Data shown
──────────────────────────────

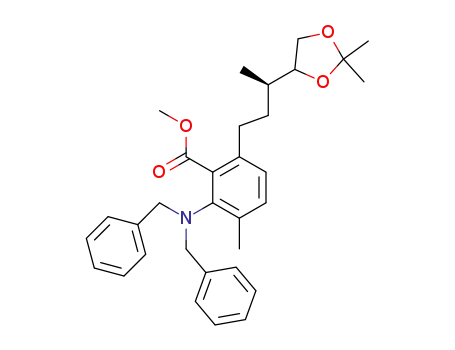 2-(dibenzylamino)-3-methyl-6-(3(R)-methyl-4,5-O-isopropylidenepentyl)benzoic acid methyl ester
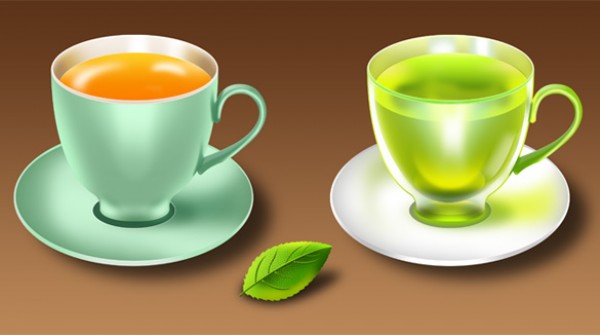 2 Glossy Tea Cup and Saucer Set Icons vectors vector graphic vector unique teacup tea saucer quality psd photoshop pack original modern mint leaf leaf illustrator illustration icon high quality green fresh free vectors free download free download cup and saucer cup creative ai   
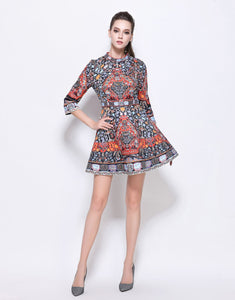Folk Print Skater Dress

──────────────────────────────

Task description
In transcribing the material above, reproduce each line exactly and include none of the pictures.

Result of this task
 2-(dibenzylamino)-3-methyl-6-(3(R)-methyl-4,5-O-isopropylidenepentyl)benzoic acid methyl ester
 2 Glossy Tea Cup and Saucer Set Icons vectors vector graphic vector unique teacup tea saucer quality psd photoshop pack original modern mint leaf leaf illustrator illustration icon high quality green fresh free vectors free download free download cup and saucer cup creative ai   
Folk Print Skater Dress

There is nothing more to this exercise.